Portanto, se as pessoas estão
sendo vulnerabilizadas pelas questões climáticas, a raiz desse problema terrível
está na maneira, displicente e negacionista, com a qual uma significativa
parcela da população brasileira lida com as questões da desigualdade. Nos permitimos
transitar pelos espaços urbanos e urbanizados assistindo a milhares de seres
humanos tentando sobreviver dentro de caixas de papelão, ou de barracas improvisadas
com materiais recicláveis, ou sobre o próprio chão frio e duro, como se isso
fosse normal, natural, trivial do nosso cotidiano.
E não é só nos dias frios que
isso deveria nos causar qualquer desconforto ou constrangimento. Deveria ser
sempre. Nenhum ser humano deveria jamais, em nenhum tempo, ser exposto a
tamanha indignidade e sofrimento. Ali, naquela situação, o frio pode sim matar
pela hipotermia. Mas, ele também agrava as doenças adquiridas no contexto das
ruas, tais como a pneumonia, a tuberculose, a leptospirose, a hepatite, a AIDS,
as Doenças Sexualmente Transmissíveis (DSTs) em geral e a desnutrição, em
virtude da aceleração do processo de declínio da imunidade orgânica pelo
excesso de carências e insuficiências presentes no seu cotidiano.
Mas, se até agora não conseguimos
ao menos pensar nos prejuízos que o modelo habitacional errático vigente no país,
nos causa em situações como essa, de uma baixa extrema de temperatura, imagina,
então, conseguir expandir esse olhar para aqueles que nem ao menos dispõem de
uma habitação? Isso significa que sequer paramos para pensar nos problemas que
estão bem diante do nosso nariz, para nos mantermos imersos em nossos casulos
de alienação e não precisarmos de despender energias tomando uma atitude,
agindo como se deve.
Vejam bem, nem o frio nos demove
desse absurdo social! De modo que entra ano e sai ano e continuamos repetindo a
sina das campanhas do agasalho, dos sopões, dos cafés reforçados, que são
medidas assistenciais necessárias; mas, imediatistas. Quando, de fato, deveríamos
estar cobrando das autoridades competentes uma solução rápida para esses
problemas, o que significa “Tornar as
cidades e os assentamentos humanos inclusivos, seguros, resilientes e
sustentáveis”, segundo propõe a 11ª meta dos Objetivos de Desenvolvimento
Sustentável (ODS) da Organização das Nações Unidas (ONU) 3.

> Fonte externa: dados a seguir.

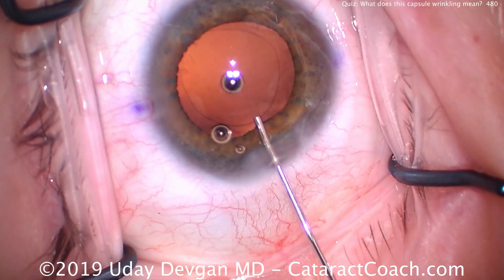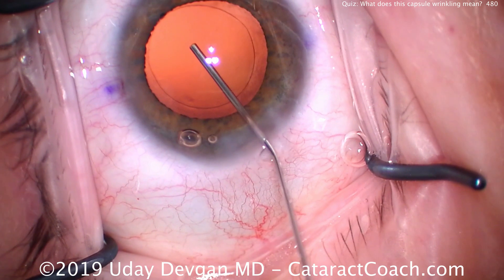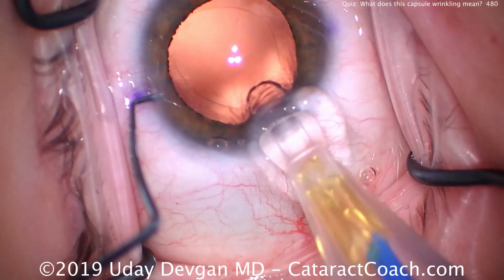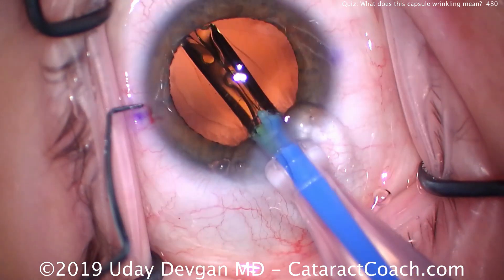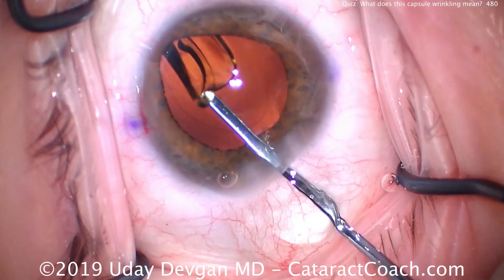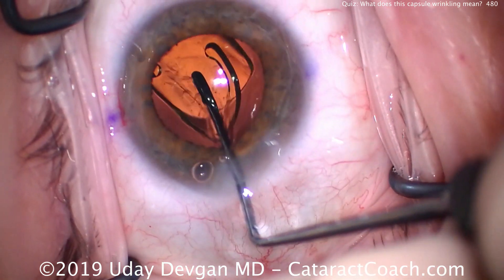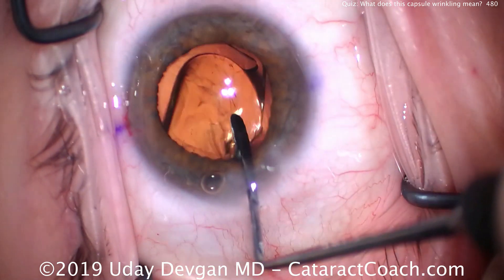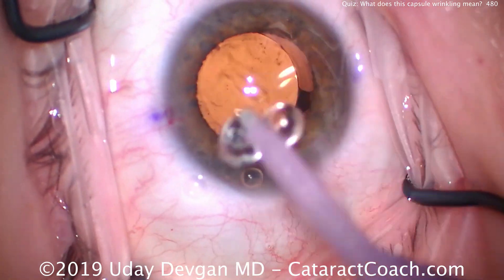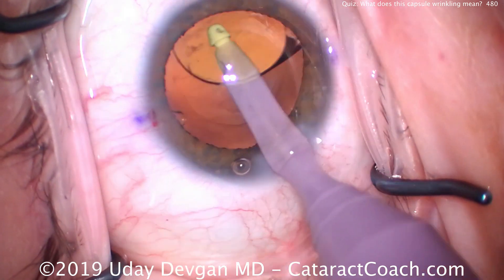This patient is relatively elderly, so we're less worried about long-term outcomes 10 or 20 years out — we're more concerned with her outcome now and her visual results in the next few years. We're delivering the lens into the capsular bag here, going without the capsular tension ring. We're going to make sure to clean up the anterior capsular rim undersurface, as previous studies have shown that cleaning the rim up may play a role in capsule contraction.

Já temos muitos desafios importantes e cronificados no Brasil para serem enfrentados. Não precisamos fazer do clima um inimigo nacional. Nem em tempos de frio. Nem de calor. Nem de sol. Nem de chuva. ... O que precisamos é parar de reclamar dos acontecimentos e nos posicionarmos de maneira enfática e consistente para resolvê-los ou, ao menos, mitigá-los. Se um sapato lhe aperta os calos você o retira, não é assim? Exercitar a cidadania é isso, é não se permitir arrastar os sofrimentos cotidianos sem tomar quaisquer atitudes a respeito. A inação os aprofunda, os cronifica, os faz parecer cada vez mais insolúveis. E como escreveu José Saramago, “A única maneira de liquidar o dragão é cortar-lhe a cabeça, aparar-lhe as unhas não serve de nada”.